Phoenix Contact Miniature Circuit Breakers

More Information about Phoenix Contact Miniature Circuit Breakers

Electronic device circuit breakers are ideal for protecting PLCs, sensors, actuators, motors, valves and relays. Thermomagnetic device circuit breakers are ideal for protecting PLCs, frequency inverters, motors and valves. Thermal device circuit breakers provide protection for inductive loads against overload in power distribution systems, manufacturing systems and control cabinet engineering.

FAQs

Do Phoenix Contact miniature circuit breakers require a separate power supply?

These circuit breakers do not require a separate power supply to operate. Instead, they are installed into the circuit they are protecting.

Trip Curve Basics Part 1

There are two critical elements in miniature circuit beakers.

Bimetal strip

This strip has two dissimilar metals attached to one another. When a prolonged overcurrent occurs, these metals begin to bend. Because the metals are different, the rate at which they bend is different, therefore causing the strip to bend. If this bending occurs long enough, the bending strip will disrupt the electrical contacts inside the breaker, causing it to trip.

Coil or solenoid

The coil or solenoid is designed for larger overcurrent events like a short circuit or lightning strike. When a large overcurrent event occurs, the plunger in the solenoid is actuated, thereby tripping the breaker.

What is a trip curve?

It is both the prolonged overcurrent protection from the bimetal strip and the higher spikes in voltage and current protection from the solenoid that make up the circuit breakers trip curve. How fast or slow these events occur determines the shape of the curve. A trip curve is simply a graphical representation of the expected behavior of a circuit protection device, in this case, a circuit breaker.

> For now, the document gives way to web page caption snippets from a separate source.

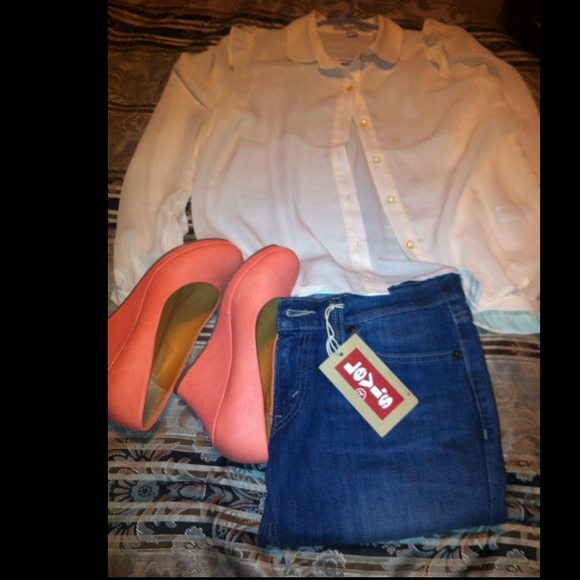 ✨✨SOLD!!!! Levi's Medium Skinny Jeans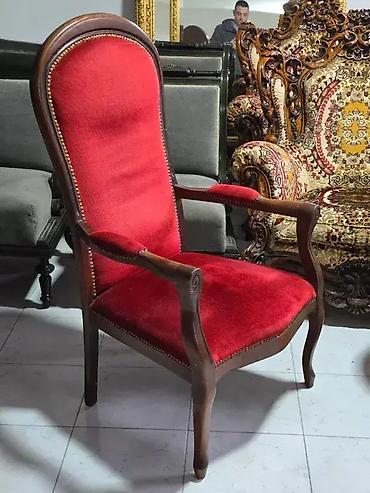 sto okrugli: Stilska fotelja Voltera 🪑✨ Dobro stanje. 🏠 Moguće lično preuzimanje — 4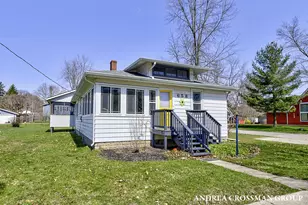 658 Allegan St, Saugatuck, MI 49453 - Photo 2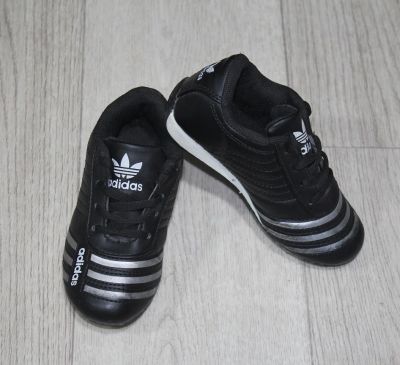 Лот: 12053072. Фото: 1. Кроссовки Adidas 16,5-17см. Кеды, кроссовки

This graphical representation looks at two separate pieces of data to provide the information needed to understand when a particular breaker will trip. The first is time, more specifically, the time the circuit breaker experiences a certain amount of overcurrent. The second is the amount of current. In this case, how much more current is passing through the breaker than the protection device is actually rated for.